Work order: Should an entry include a picture, omit the picture and still repeat everything else exactly.

Material for the task:
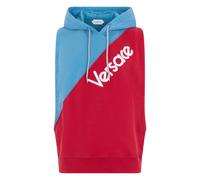 Versace - Felpa con cappuccio senza maniche in cotone ricamato - - Sweatshirts & Hoodies - Uomo - Rosso - L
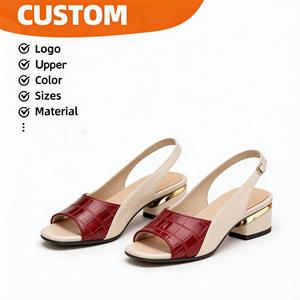 Nouvelles sandales <span class=keywords><strong>mules</strong></span> pour <span class=keywords><strong>femme</strong></span> 2026 à talon bas, bout ouvert, effet croco, pour l'été et le quotidien - Product Image 1
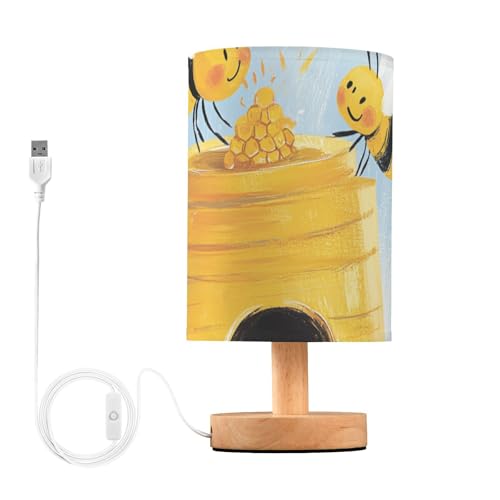 Lámpara de mesa de noche abeja con puerto USB miniatura 1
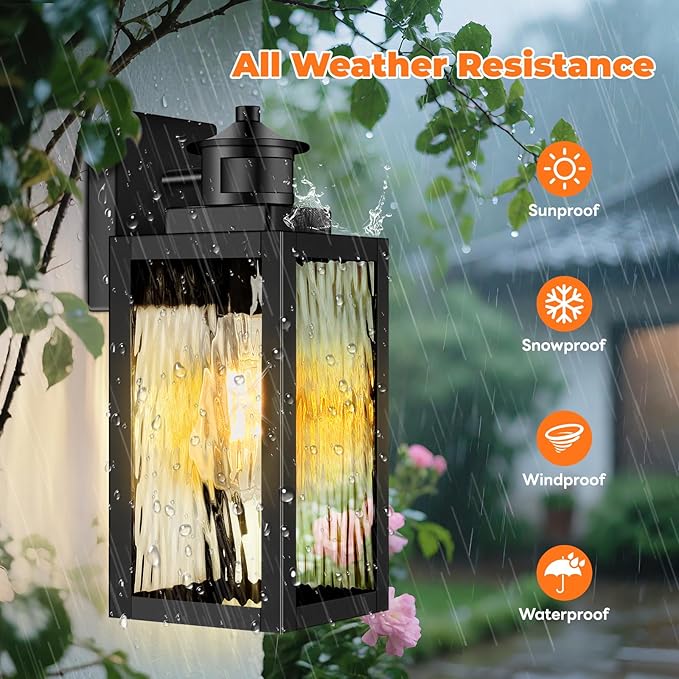 13.6" Motion Sensor Outdoor Wall Sconce Lantern, Exterior Waterproof Wall Lights Fixtures with Water-Rippled Glass, Black Outside Mount Lighting for House, Porch, Garage, Patio, Bulbs Not Included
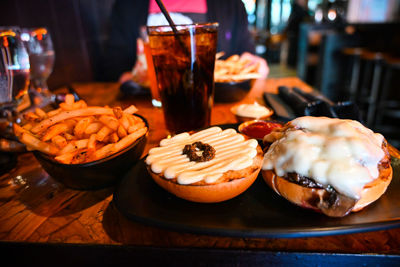 Close-up of food on table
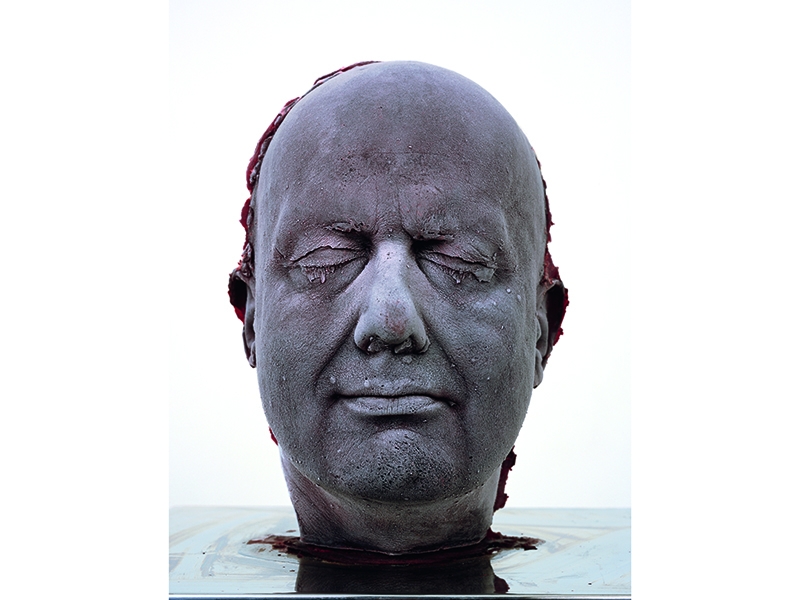 Marc Quinn, Self, 2006, self-portrait sculpture, the artist’s blood, stainless steel, Perspex, refrigeration equipment, 208.2 x 61 x 61 cm, courtesy of Marc Quinn Studio Marc Quinn, Self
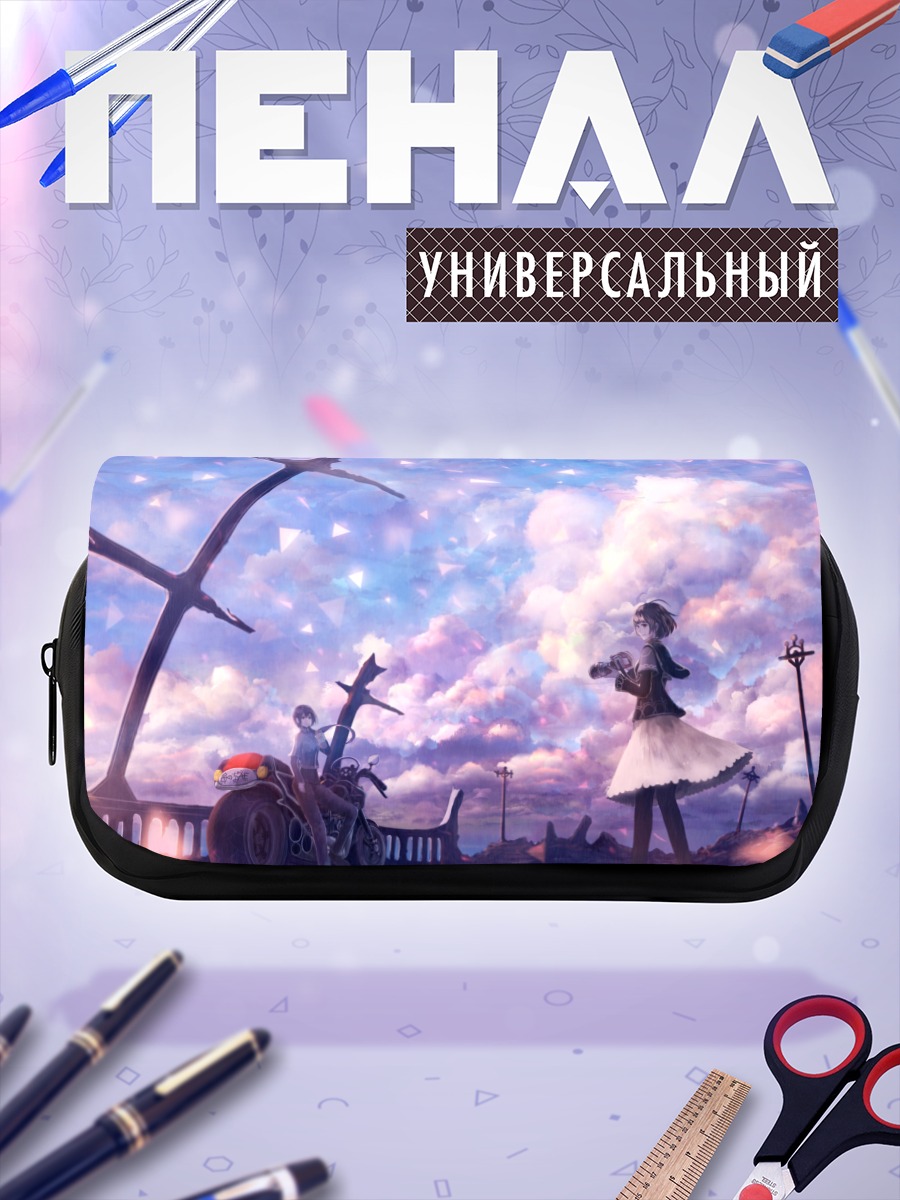 Пенал-косметичка Девушки на мотоцикле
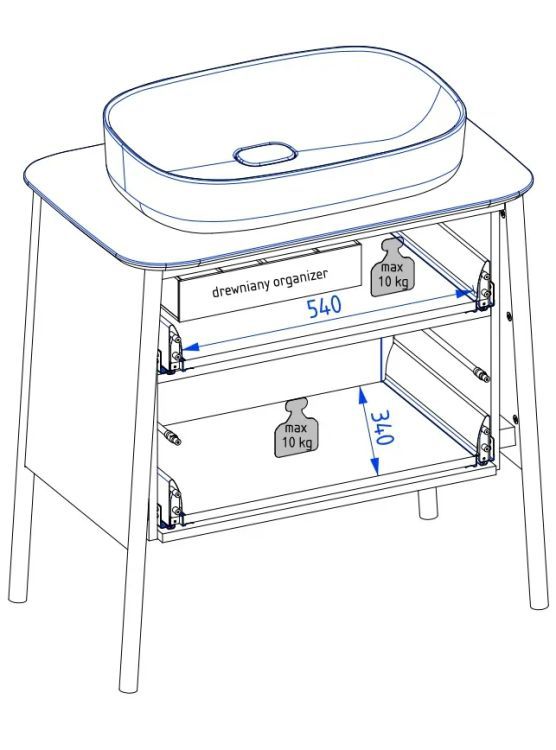 Szafka pod umywalkę nablatową KROFAM DUKLA 80 cm terakota półmat 1 szt.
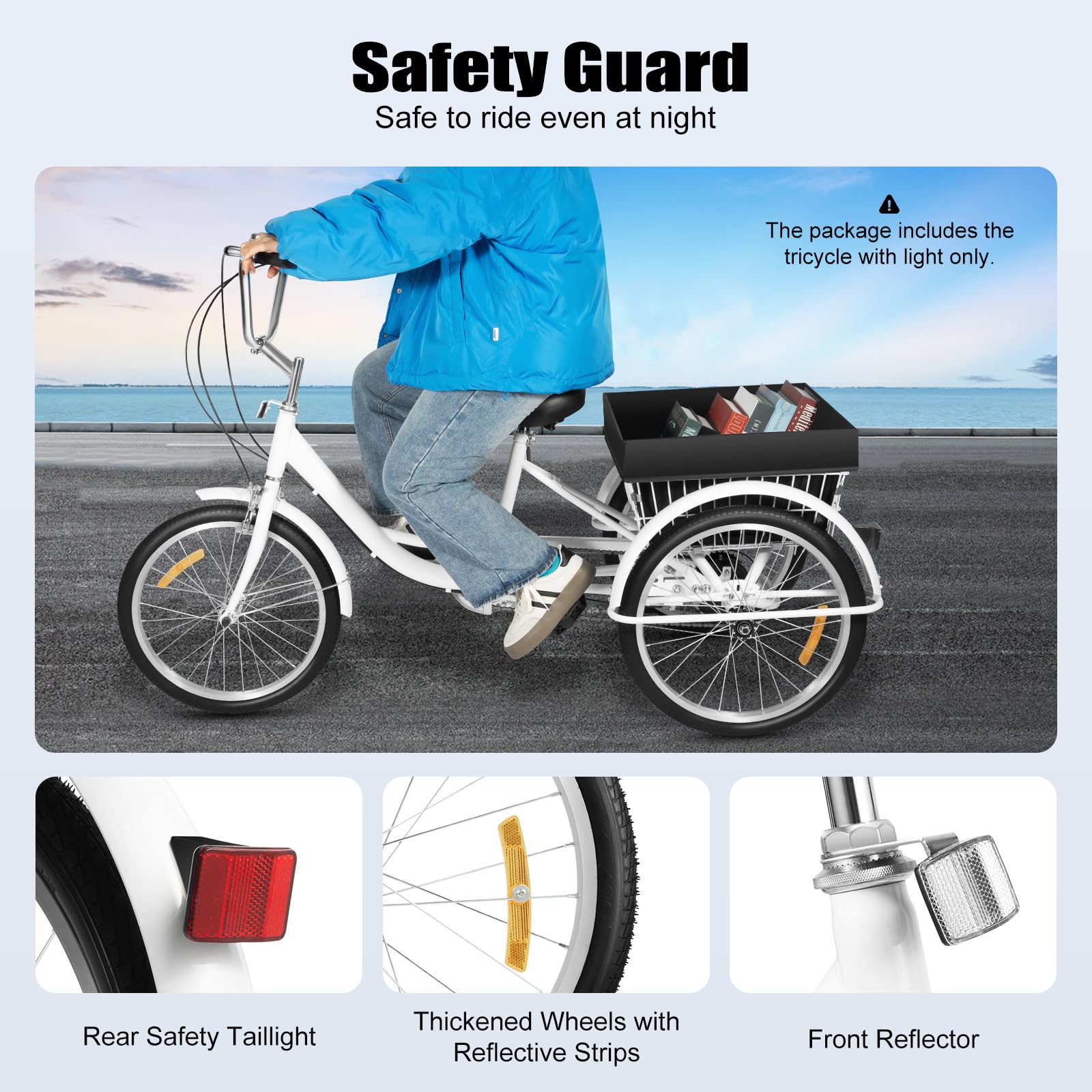 Tricycles pour adultes – Vélo pliable à 3 roues avec siège arrière et panier de courses, vélos à trois roues de 50,8 cm, double chaîne, pour femmes/personnes âgées/parents, charge maximale de 175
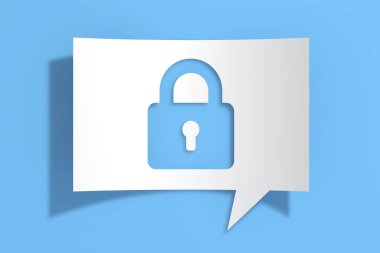 Closed Lock Icon on Cutout White Paper Speech Bubble on blue background. 3d Rendering 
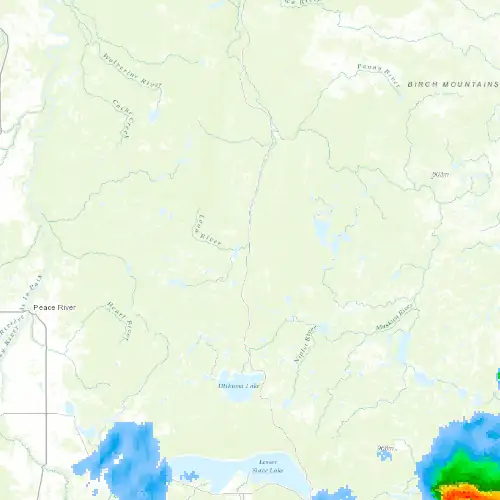 Radar near Red Earth Creek at now — 12:12 am MDT, Sat Jul 11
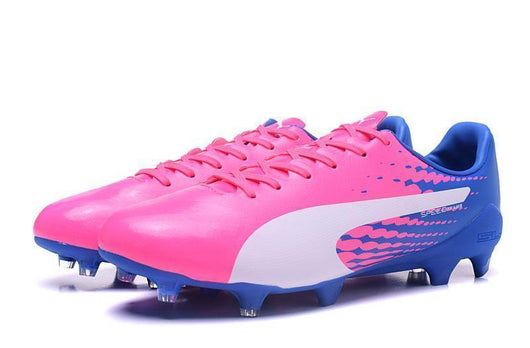 PUMA evoSPEED 17 SL-S FG Soccer Cleats Pink Blue White - studzsupply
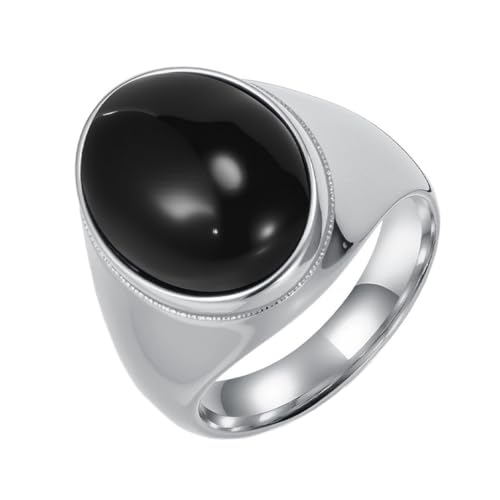 PAURO Herren und Damen Edelstahl Antik Personalisiert Poliert Eiförmiger Schwarz Edelstein Ringe Silber Größe 62 (19.7) von PAURO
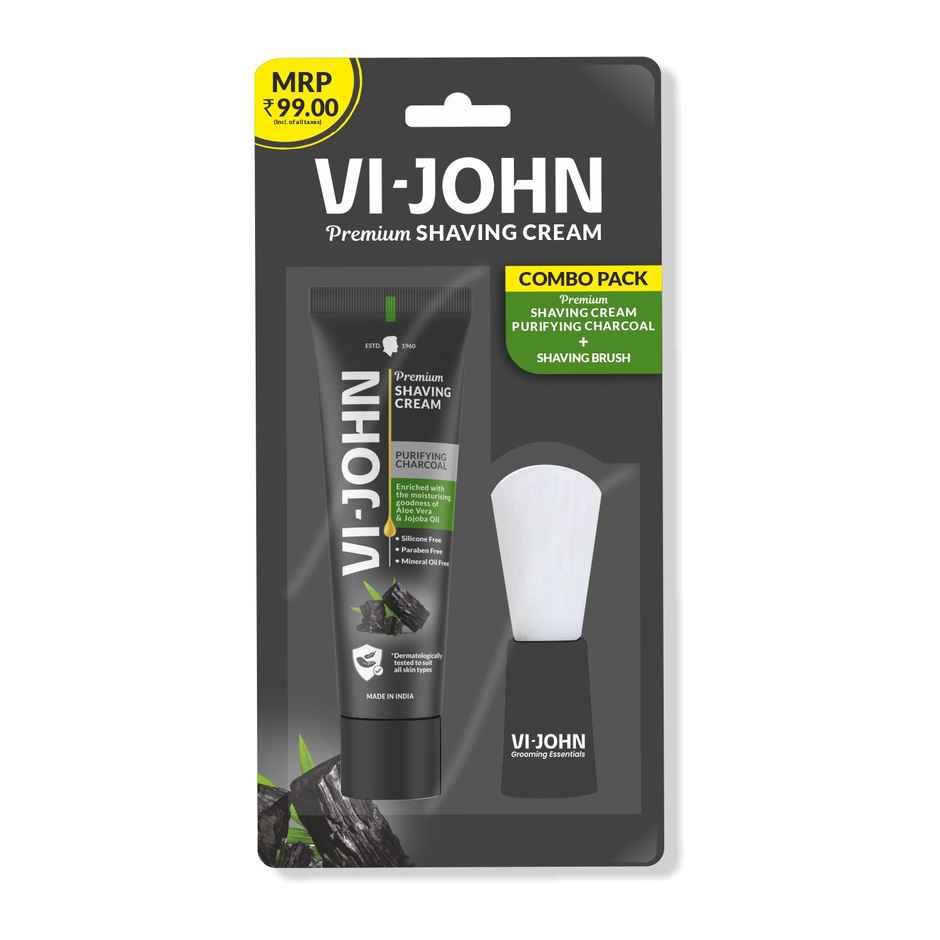 VI-JOHN Premium Dermatologically Tested Purifying Charcoal Shaving Cream with Shaving Brush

Output of the task:
 Versace - Felpa con cappuccio senza maniche in cotone ricamato - - Sweatshirts & Hoodies - Uomo - Rosso - L
 Nouvelles sandales <span class=keywords><strong>mules</strong></span> pour <span class=keywords><strong>femme</strong></span> 2026 à talon bas, bout ouvert, effet croco, pour l'été et le quotidien - Product Image 1
 Lámpara de mesa de noche abeja con puerto USB miniatura 1
 13.6" Motion Sensor Outdoor Wall Sconce Lantern, Exterior Waterproof Wall Lights Fixtures with Water-Rippled Glass, Black Outside Mount Lighting for House, Porch, Garage, Patio, Bulbs Not Included
 Close-up of food on table
 Marc Quinn, Self, 2006, self-portrait sculpture, the artist’s blood, stainless steel, Perspex, refrigeration equipment, 208.2 x 61 x 61 cm, courtesy of Marc Quinn Studio Marc Quinn, Self
 Пенал-косметичка Девушки на мотоцикле
 Szafka pod umywalkę nablatową KROFAM DUKLA 80 cm terakota półmat 1 szt.
 Tricycles pour adultes – Vélo pliable à 3 roues avec siège arrière et panier de courses, vélos à trois roues de 50,8 cm, double chaîne, pour femmes/personnes âgées/parents, charge maximale de 175
 Closed Lock Icon on Cutout White Paper Speech Bubble on blue background. 3d Rendering 
 Radar near Red Earth Creek at now — 12:12 am MDT, Sat Jul 11
 PUMA evoSPEED 17 SL-S FG Soccer Cleats Pink Blue White - studzsupply
 PAURO Herren und Damen Edelstahl Antik Personalisiert Poliert Eiförmiger Schwarz Edelstein Ringe Silber Größe 62 (19.7) von PAURO
 VI-JOHN Premium Dermatologically Tested Purifying Charcoal Shaving Cream with Shaving Brush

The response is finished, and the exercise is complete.